Better yet, buy two so you don't have a SPOF.
A few comments on the larger issue of how to distribute information...
Broadcast is anathema to many network administrators, and in some networks
it's simply not available, so arguments about X% of total network bandwidth
are meaningless. Having every node send to N peers is pretty non-scalable
too. A ring, tree, mesh, torus, or N-dimensional cube is likely to be much
more efficient, and the difficulty of maintaining any of these structures
can be surprisingly low. At a theoretical level I'm a little leery of
MOSIX-like diffusion models that do not provide a *guarantee* that
information will get from X to Y in a timely manner, but as a practical
matter it seems to work quite well and it certainly scales.

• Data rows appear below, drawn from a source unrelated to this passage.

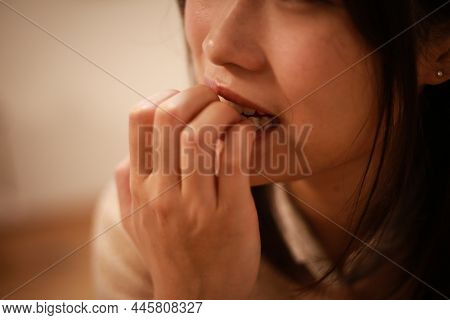 Image Of A Woman Biting Her Nails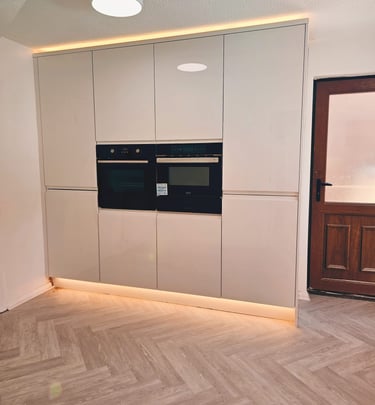 white kitchen with infit oven, with nice warm back lighting
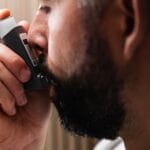 Zbliżenie mężczyzny korzystającego z inhalatora przy problemach oddechowych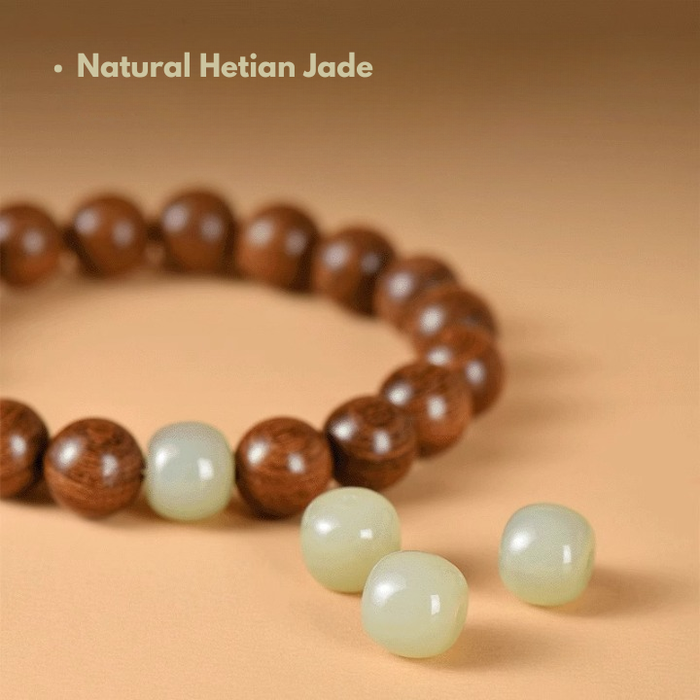 Close-up of genuine natural Hetian Jade bead on a wooden bracelet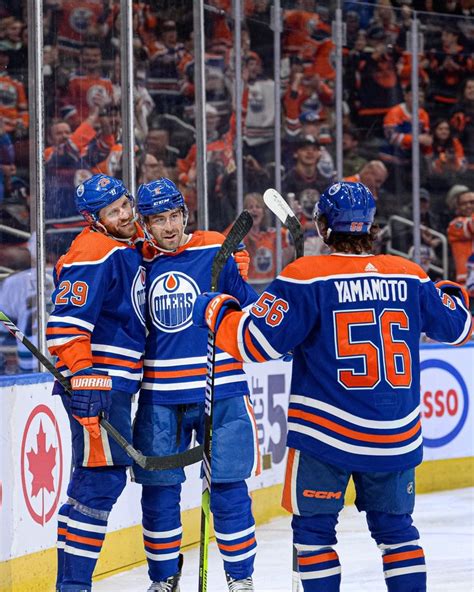 the edmonton oilers players are congratulating each other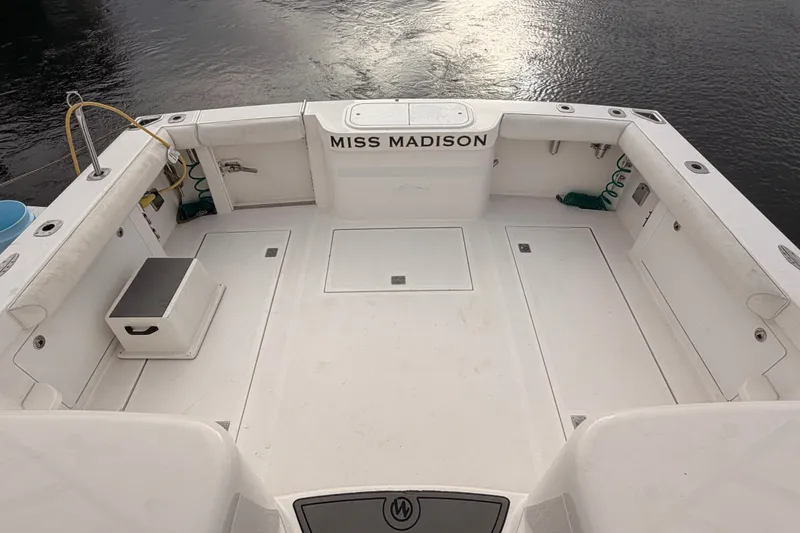Slide: The Image of 2003 Cabo 35 Express boat deck, labeled "Miss Madison," with clean, spacious layout. - 16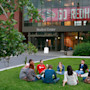A group of international students at Seattle University sit outside on campus and discuss an assignment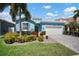Charming, single-story home features lush landscaping, two-car garage, and a welcoming, light blue exterior at 424 Bahama Grande Blvd, Apollo Beach, FL 33572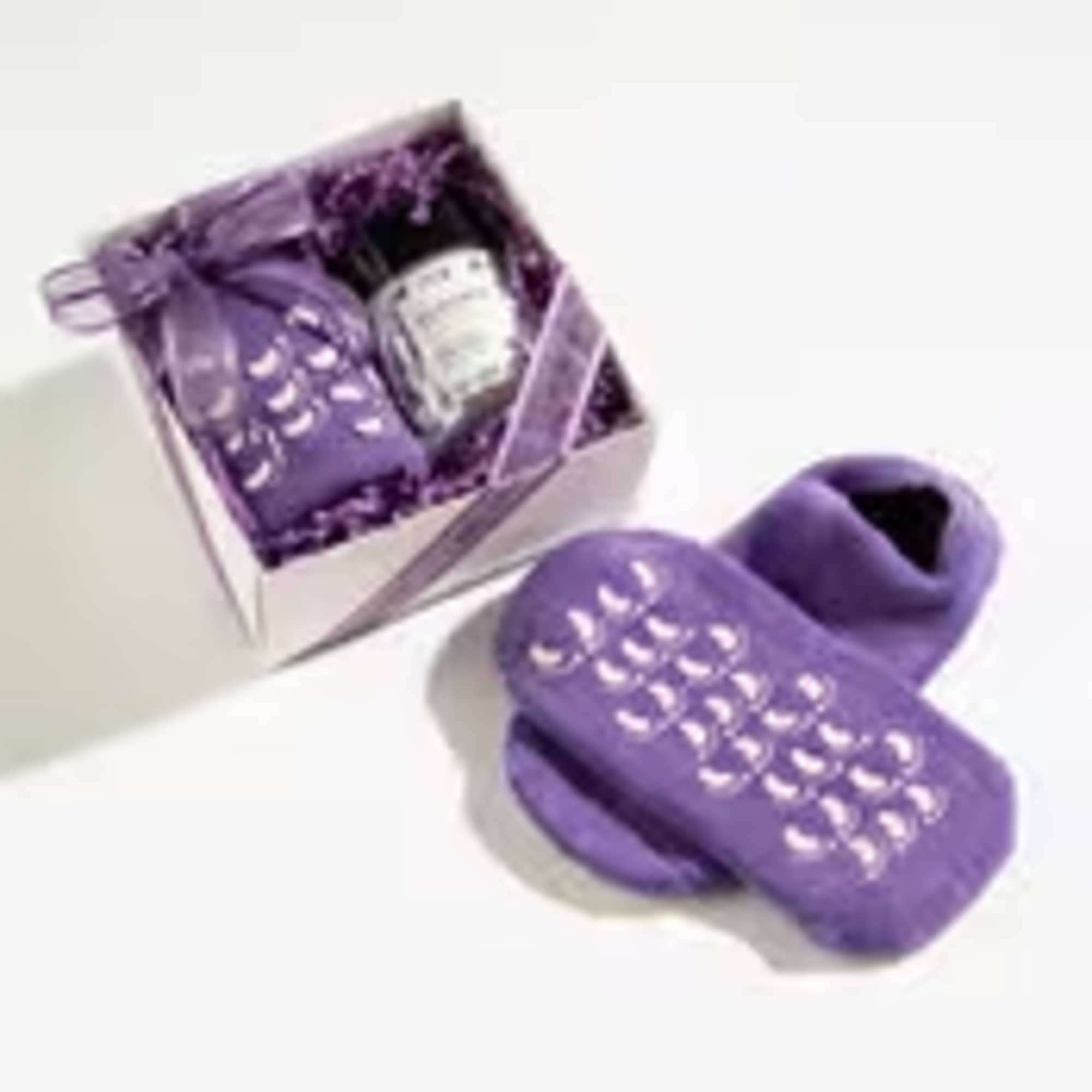 Purple spa gift set with cozy grip socks, candle jar, and sachet in a ribboned box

Should resource information be piggybacked on heartbeats? Probably not,
IMO. They have different requirements for reliability, bounded delivery
time, etc. Heartbeats should remain reasonably small and must be processed
expeditiously, whereas resource advertisements might be arbitrarily large
and are not time-critical. Having a receiver delay handling of heartbeat N
because it's still processing the resource information from heartbeat N-1
would be unacceptable, and you just know that many receiver implementations
would end up doing just that.
There's enough in common between the two problems that maybe there's some
common mechanism that could be used for both, perhaps using a QoS/priority
notion to deal with the differences. But just dumping the resource info on
top of the heartbeats strikes me as a mistake.